(Image-caption web data)
——

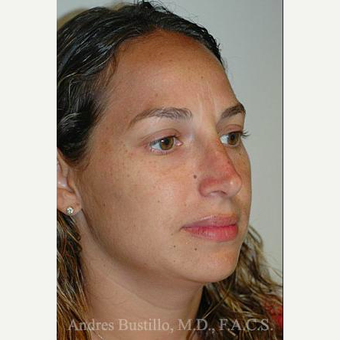 35 year old woman treated with Rhinoplasty after 3461039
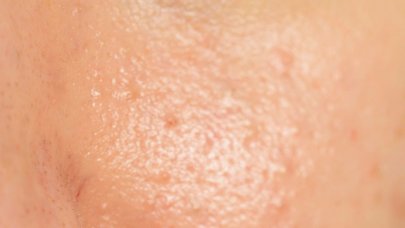Médula ósea Citar clima El sebo, el problema n.°1 de la piel con acné | Sébium | BIODERMA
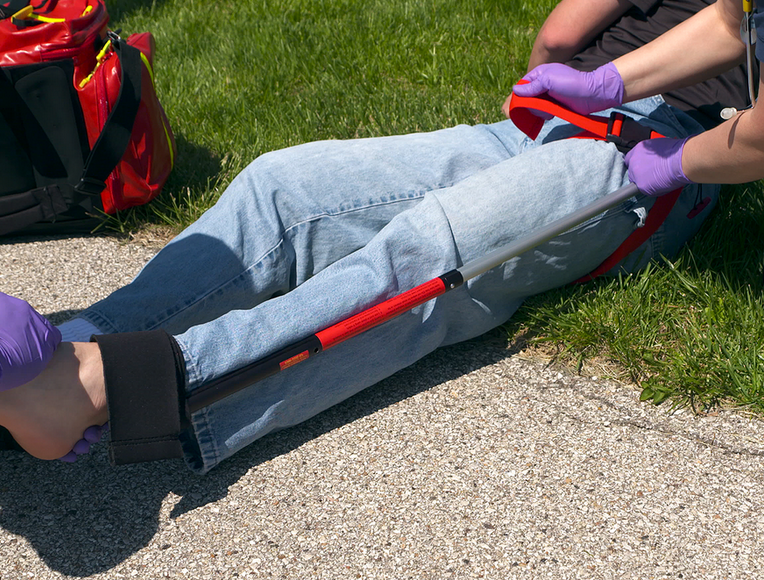 ATTELLE STS GENERATION 2 - TRACTION FEMUR SLISHMAN TRACTION SPLINT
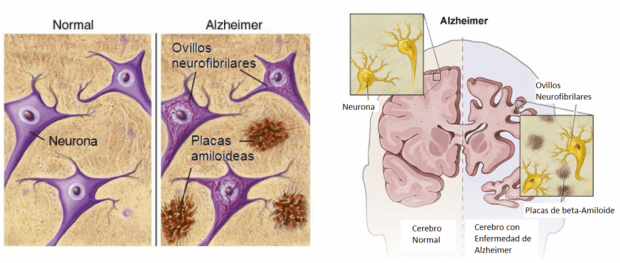 Adakah Rawatan Untuk Alzheimer Bagi Mereka Yang Sudah Berusia?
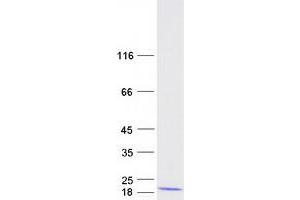 Validation with Western Blot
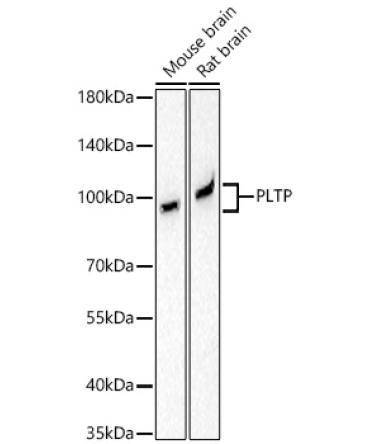 PLTP Rabbit Monoclonal Antibody
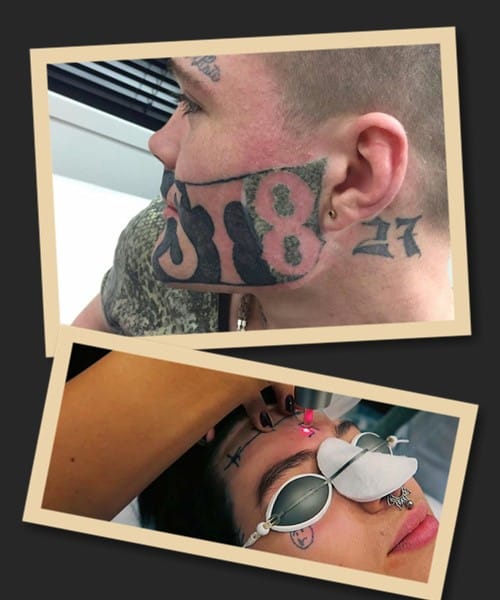 Методи зведення тату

——

# Work item:
All lines from the line with "Adakah Rawatan Untuk" through the final line of the data, both included, are to be repeated exactly; no other lines and no pictures.

# Task response:
 Adakah Rawatan Untuk Alzheimer Bagi Mereka Yang Sudah Berusia?
 Validation with Western Blot
 PLTP Rabbit Monoclonal Antibody
 Методи зведення тату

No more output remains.